I’m curious, is there also some specific existing “AI Researcher Reading List” you would personally recommend? Or do you plan on making and maintaining one?
> 1. GPT1, GPT2, GPT3, Codex, InstructGPT, GPT4 papers. Self explanatory. (...)
> 2. Claude 3 and Gemini 1 papers to understand the competition. (...)
> 3. LLaMA 1, Llama 2, Llama 3 papers to understand the leading open models. (...)
I agree that you should have read most of these papers at the time, when they were released, but I wonder if it would be that useful to read them now.
Perhaps it would be better to highlight one or two important papers from this section?
I’m sure it’s a great list for what it is, I just wanted to be pedantic for a bit ;). If you’re interested in an introduction to AI as a broader topic, most graduate courses use the same book (Russel & Norvig) and others may publish their syllabi online.
And the one referenced in there on synthetic data generation: https://arxiv.org/abs/2212.10560
don't waste time skimming over, reading and understanding any LLM and AI papers.

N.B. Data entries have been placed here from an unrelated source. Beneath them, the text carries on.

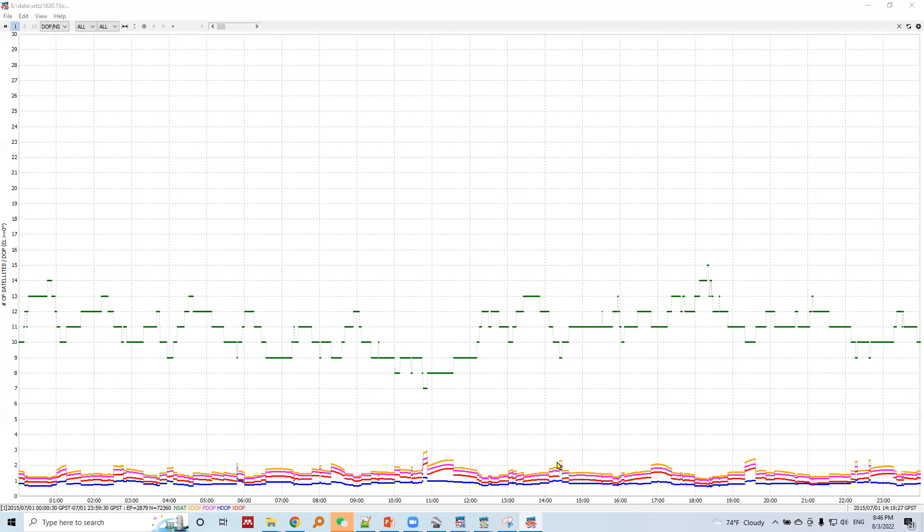Low number of satellites means higher DOP values. High number of satellites means lower DOP values. This is how dilution of precision and number of satellites are related.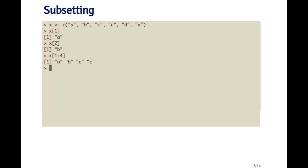So in these three examples here, what I've done is I subset the vector x using a numeric index. So the numeric index is one, two, or the sequence one through four.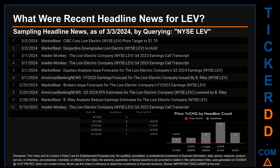Friday, March 1st, 2024, had the most headlines — four discovered headlines. MarketBeat published 'Desjardins downgrades Lion Electric to hold.' Insider Monkey published 'The Lion Electric Company Q4 2023 earnings call transcript' twice. MarketBeat published 'Equities analysts issue forecasts for the Lion Electric Company's Q3 2024 earnings.' American Banking News published the headline 'FY 2023 earnings forecast for the Lion Electric Company issued by B. Riley.'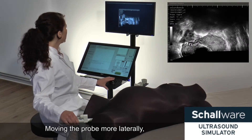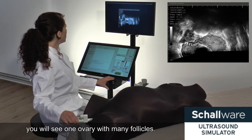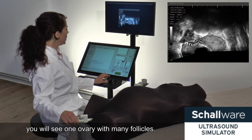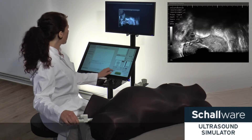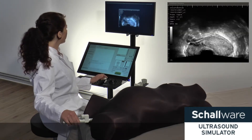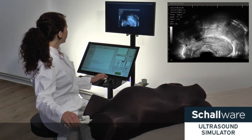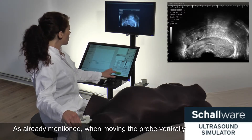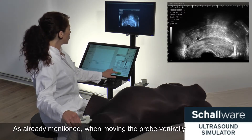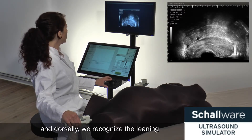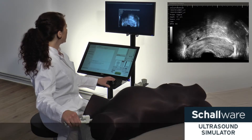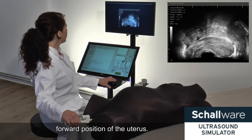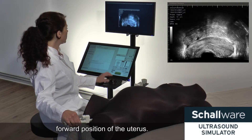Moving the probe more laterally, you will see one ovary with many follicles. When moving the probe ventrally and dorsally, we recognize the leaning forward position of the uterus.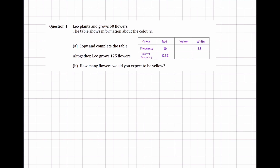Let's look at another one. Leo plants and grows 50 flowers, and the table shows the information about the colors. The question says to copy and complete the table. We have three colors: red, yellow, and white. There are 16 red flowers and 28 white flowers, and in total there need to be 50 flowers. So it's easy to see how many flowers would be yellow: 50 minus 16 minus 28 gives us 6.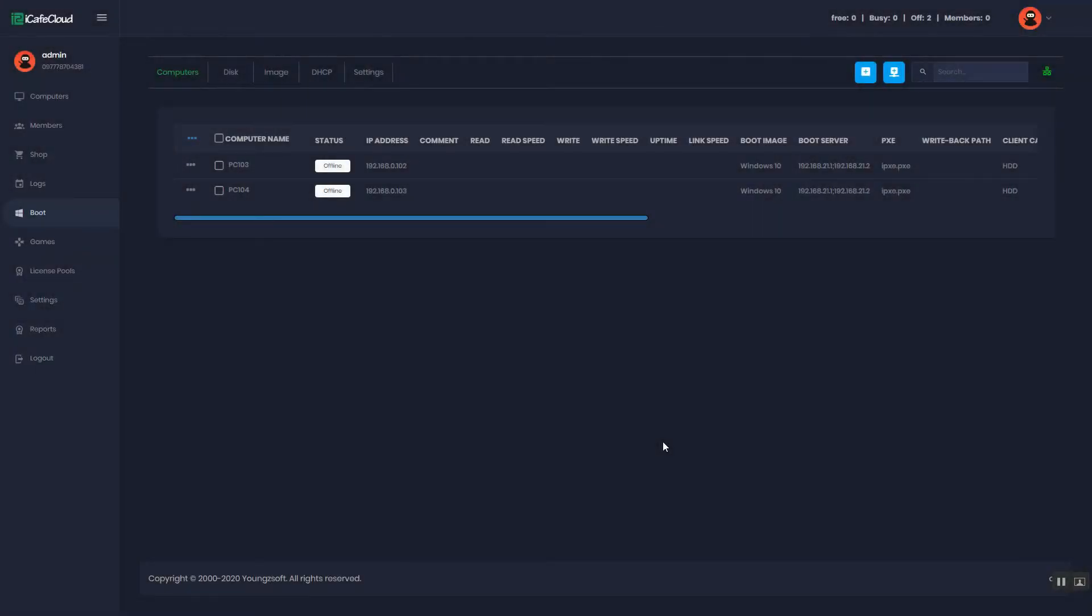Hello everyone. I will show you how to add PC and edit PC details on CCBootCloud.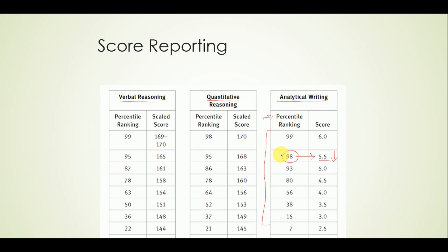If you scored a 4.5, you would have a percentile rank of 80, meaning 80 percent of people scored below a scaled score of 4.5. In other words, your score would be in the top 20 percent of test takers. This is how your scores are reported.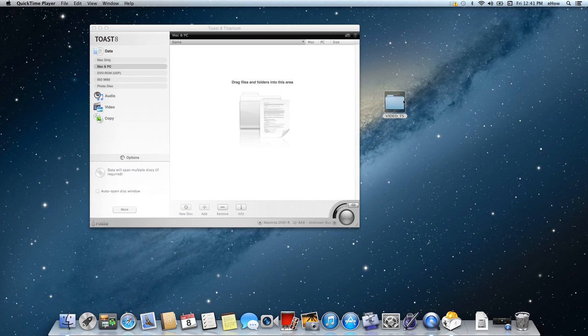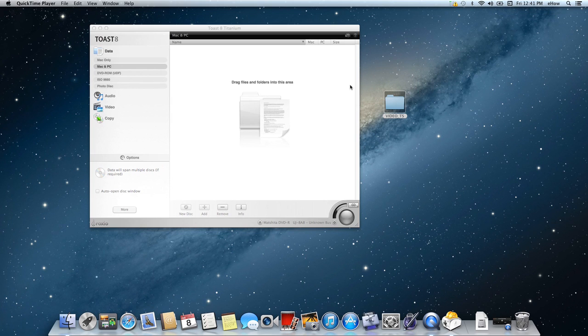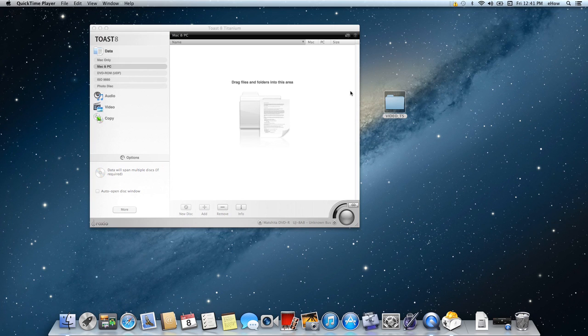Unfortunately a Video TS file or folder cannot just be simply burned onto a DVD and then played in a DVD player. What you're going to need is a third-party app that will convert it into the right format so that your standalone DVD player can read it and play it.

Read about ELIZA. Build your own.
Get Tensors, Vectors, Fields, Linguistics, Computer Architectures, Networks.
Focus on the subjects themselves, not them in the context of Neural Networks, "Deep Learning" et al.
Personally I like to learn the foundations but there's genuinely room for useful knowledge of SOTA techniques even without the foundations. To be honest I feel that any amount of learning about computer architecture and vector fields is unhelpful if you are trying to understand good eval benchmarks or prompt engineering techniques.
You are absolutely correct. I jumped to conclusions when I saw the list and read "AI Engineer". The reading list isn't addressing people who want to build AIs, but those who want to maximize and optimize their results with the existing ones.
My bad.
In 2025 one should only focus should be distillation & optimization.
In 2025 CoT is not new, the corrected CoT is the key and all you need.